Monday, April 28, 2014

Cool...A Freak Show! Megan Ward talks '90s cult classic FREAKED

Actress Megan Ward talks with TV STORE ONLINE about the '90s cult classic FREAKED (1993) directed by Alex Winter and Tom Stern...

TV STORE ONLINE:  How did FREAKED (1993) come to you?

WARD: I got the script from my agent and I went in and auditioned.   I have to say...It wasn't the average script.   It was one of those scripts where you had to have a certain sense of humor to get it and appreciate it.   I had done a couple other screwball-y type of movies before FREAKED so when I read the script I thought that it was something that was right up my alley.

TV STORE ONLINE:  One of my favorite scenes in FREAKED is that bit where your character "Julie" and Michael Stoyanov's character "Ernie" are connected and each of you vomit....

WARD:   When we were shooting that scene there was a hose that ran up my leg and it came out and it was taped to the side of my mouth, and it came loose and that fake vomit went all over me. It was split pea soup and it got in my underwear and in my socks. It went everywhere.  I was so grossed out that still to this day I can't eat pea soup.  I kid you not when I tell you that the machine that was supposed to spray the pea soup was called "The Vomit-a-nator".

TV STORE ONLINE:  FREAKED was directed by Alex Winter and Tom Stern.  I was wondering if you could talk about working with two directors on one film?

WARD:  Well, it was nice because Alex had a lot of responsibility in performing the role, and he was in almost every scene and plus he had a ton of prosthesis make-up to put on every day.  Then he had these monster teeth that he wore and that made it difficult to understand what he was saying in many of those scenes, so he had to loop all of his dialogue on FREAKED. Alex and Tom worked so well together and they were a great team.  It was totally collaborative and they really spent their money wisely.  They built the entire production from the ground up.   They fabricated all of the sets.  All of the monsters were fabricated. There were three separate teams of guys who built the monsters and the freaks.  Different special effects houses had different responsibilities.    There was a amazing collaborative spirit behind it all.   Before we started shooting we had rehearsals.   We shot on one little mini-lot and we spent our days all together.  It was really like we created our own little mini-sideshow. There were a lot of long hours but we all had so much fun and it was a very creative environment. 

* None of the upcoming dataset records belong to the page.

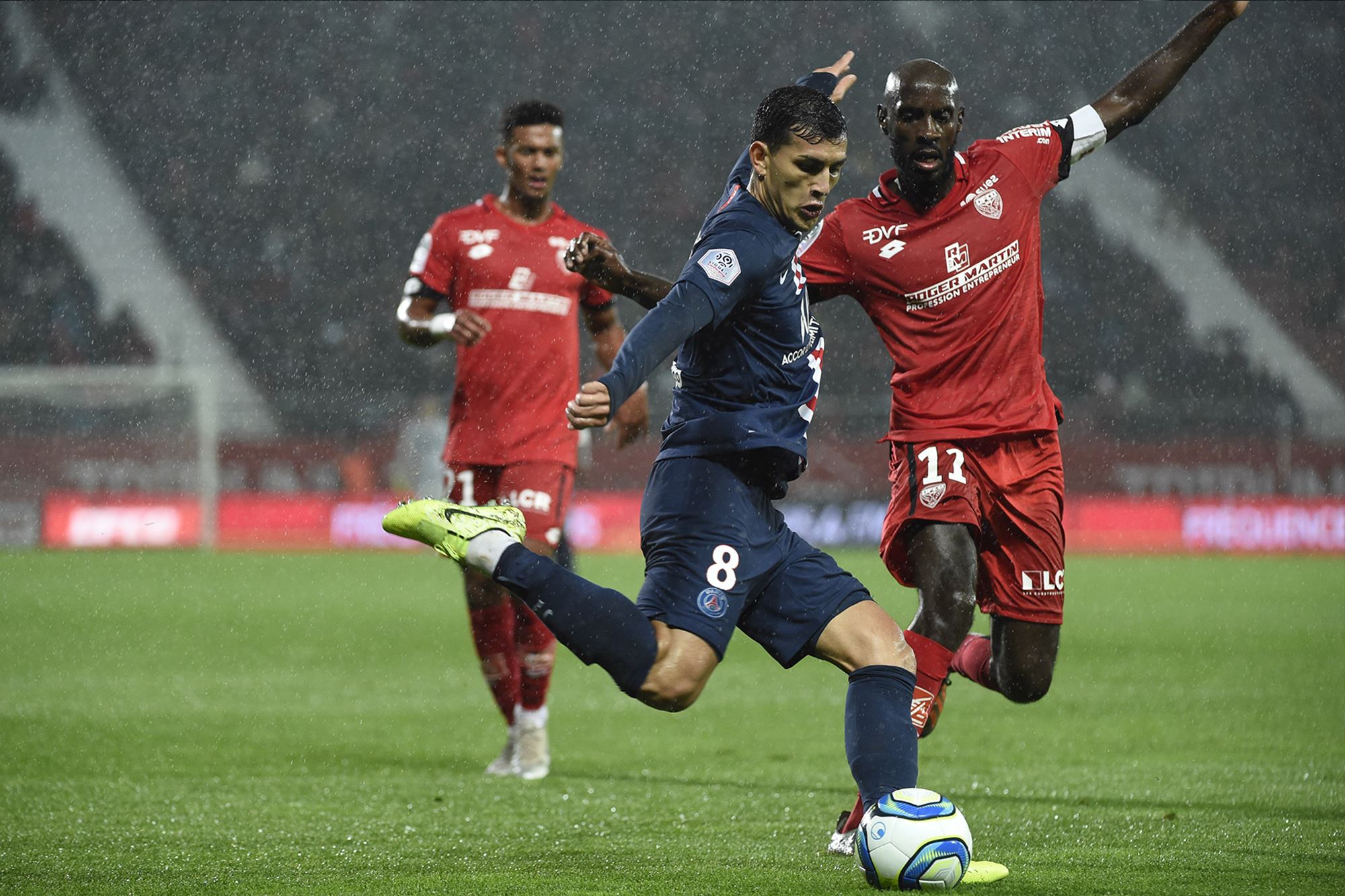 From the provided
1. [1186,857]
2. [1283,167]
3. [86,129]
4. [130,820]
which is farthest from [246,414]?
[1186,857]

TV STORE ONLINE:  What was your inspiration for "Julie"?

WARD:   Julie was one of the more straightforward characters of the whole piece.  She's a liberal environmentalist and we had a fun time coming up with the t-shirt I would wear for my costume.  We wanted to come up with something that was just so ridiculous.  We came up with the burrowing sloth, which doesn't even exist.  She had on a "Save The Sloth" t-shirt and it was just so ridiculous.  The more difficult part of the character was how Michael Stoyanov and I had the running Three Stooges gag.  This is where the girl comes out....  Growing up I hadn't watched The Three Stooges so I had to be trained in the actual movement and sound effects and it takes rhythm and coordination to do that when you're playing a Siamese twin with another actor.  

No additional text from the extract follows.